It's really hard to review a book when you know the author of said book is looking over your shoulder. Not that Mr. Overstreet wasn't nice about it, but if you aren't 100% in love with the book, it can be... awkward.

Anyway, to the review. Auralia's Colors, published by Waterbrook Press, is the first fantasy released by a specifically Christian publisher that I have read in quite some time. However, I kept hearing good things about it, so when I came across it accidentally while browsing through Chapters with megancrewe a couple of months ago, I decided to pick it up.

When I started reading the book I could tell right off the bat, even if I hadn't heard rumors of this already, that author Jeffrey Overstreet shares some of my own favorite books and influences -- specifically Patricia A. McKillip and Mervyn Peake's Gormenghast books. The rich, lyrical tone of the language Overstreet uses is definitely McKillipesque, and the world he creates blends the transcendent, the mysterious, the humble and the grotesque in a way that's reminiscent of Peake. Still, even if the influences are evident I was pleased to note that the setup of Overstreet's fantasy world didn't strike me as overly derivative of other classic fantasy works -- Overstreet does have his own fertile imagination and his book reflects that.

The problem is, even though I finished the book a couple of days ago, I'm still undecided as to how I feel about it. If you've ever tried to get a book published, you know how agents and editors sometimes give you that deadly phrase, "I liked it, but I didn't love it"? I think that's how I feel about Auralia's Colors. I really wanted to love it wholeheartedly, but it didn't quite happen for me. The omniscient narration and the constantly shifting focus of the story kept me from being able to latch onto any of the characters and really come to know or love them the way I'd hoped. The beautiful language sometimes served to obscure what was going on rather than to illuminate it (which is also a problem I've sometimes had with McKillip), and the emphasis on external narration rather than action, dialogue or internal monologue made it difficult for me to connect emotionally to the characters. There's one scene where Auralia experiences a shattering realization about her destiny, a pivotal point in the book, where I truly did feel connected to her and involved in her inner life for the first time... but soon that feeling was gone again as the narrative went elsewhere.

On the other hand, though the story was anything but predictable or straightforward, the various seemingly unconnected threads of the narrative did weave themselves together neatly (but not too neatly) at the end. There were a couple of characters (specifically Cal-raven and the ale boy) that I did want to know more about, and find what would happen to them.

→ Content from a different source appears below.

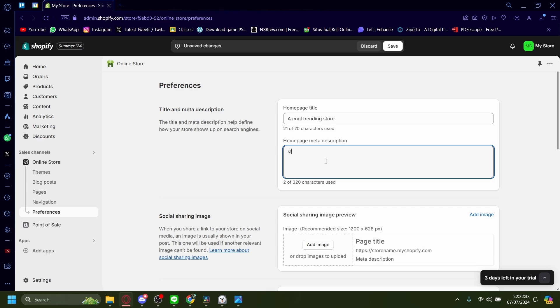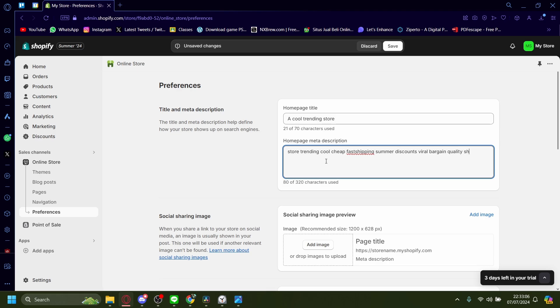I'll just add in store, trending, cheap, fast shipping, something else probably summer, discounts, viral - whatever the buzzword is you want to use. I'll add in a couple more, maybe like bargain, quality, shirts, pants, whatever I'm selling. Wait no, I already typed fast shipping - free shipping, and so on and so forth.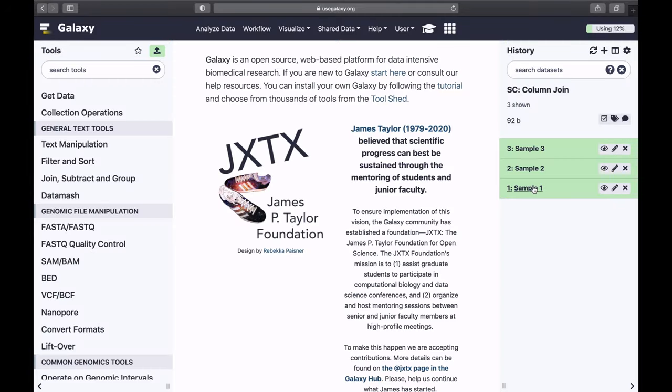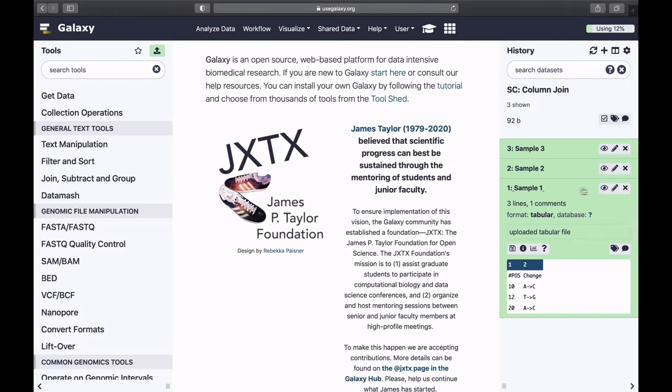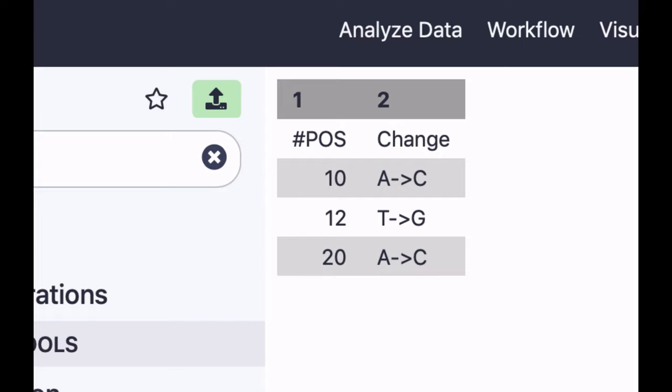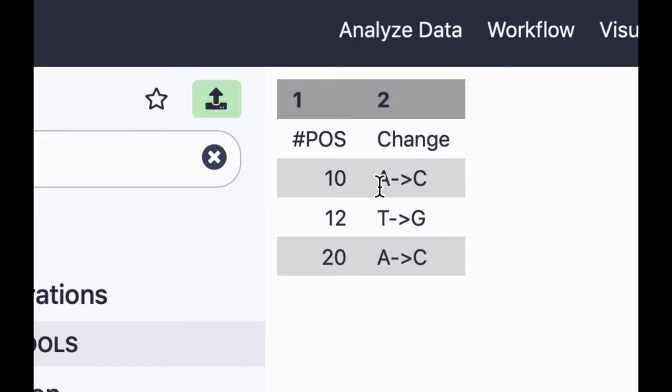Suppose you have three datasets and they represent changes in some genome. In the first dataset, these are your positions in the genome: nucleotide 10, 12, 20 and so on, and this is the type of change that you have in this sample.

There were some moments of breathtaking beauty, and a longing for goodness (true, potent goodness, not some saccharine substitute) that reminded me of the writings of George MacDonald. And I am curious to know how the next two "strands" of the trilogy will tie the whole narrative together. So I am not sure that if I come across Cyndere's Midnight, I won't pick it up after all, and give Jeffrey Overstreet a second chance to fully win me over. Especially as it promises to be a bit of a "Beauty and the Beast" tale, and I'm a big sucker for those...

Oh, and one last thing in the books' favor: the covers are utterly gorgeous. And they're trade paperbacks, so not that expensive if you feel like giving them a try.